>>That’s how you end up with burdensome mandates that deter businesses from operating efficiently at all. It’s also how you end up with massive numbers of people employed by government.
The “burdensome mandate” argument would have some actual weight if the stock market did not reach a new record level a couple times a year. The decision makers in the board room and in DC all know that they are creating profits without jobs, so the government creates fiat currency to prop up the economy that the little people live in through direct payments and an inflated bureaucracy that employs a huge number of people in the only good paying, secure jobs that are available to working Americans.

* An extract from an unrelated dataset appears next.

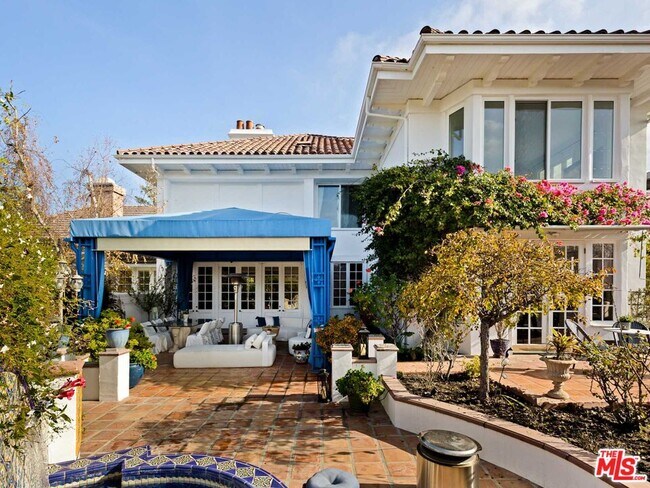 Foto del edificio - 2113 Stoney Hill Rd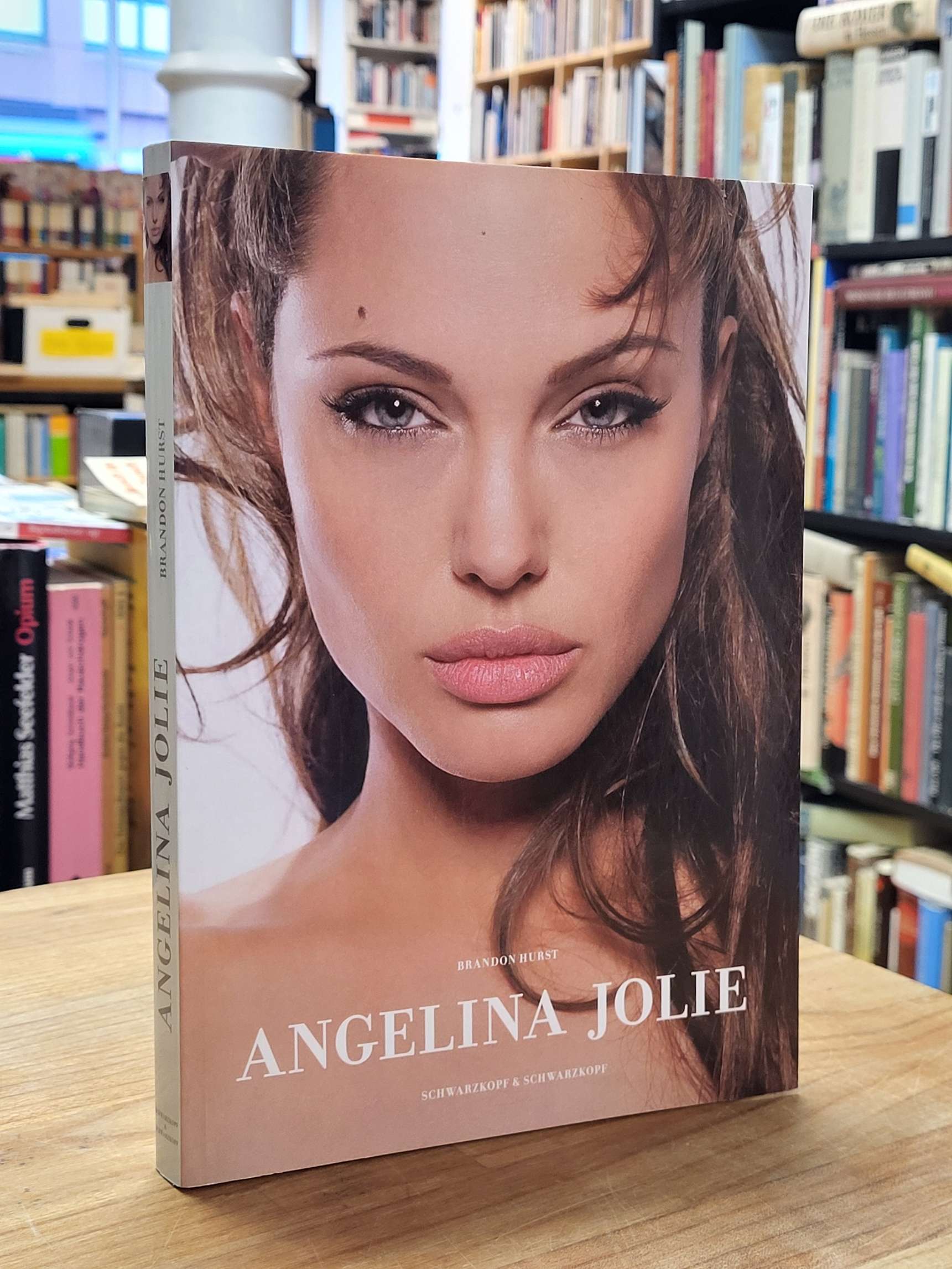Hurst, Angelina Jolie,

We had a functioning economy before personal computers and automation and we built things that lasted many years and were repairable. Everyone acts like a small decrease in economic efficiency will doom the economy. When your only metric is the value of the stock market, I guess that’s true. But if your metric is the economic health of the American people, then the picture begins to change.
We had a functioning economy before personal computers and automation and we built things that lasted many years and were repairable. Everyone acts like a small decrease in economic efficiency will doom the economy. When your only metric is the value of the stock market, I guess thats true. But if your metric is the economic health of the American people, then the picture begins to change.
I agree with a lot of this, but keep in mind that our economy is driven by consumers, not employers. If one contractor offered to replace the roof on your house for $10,000 and the other offered to do the same job for $9,000, would you even think of hiring the more expensive guy to do the same project? Maybe a tiny fraction of Americans would, but most people would not -- even if the more expensive contractor had 10 people working on the job and the less expensive one had only 5.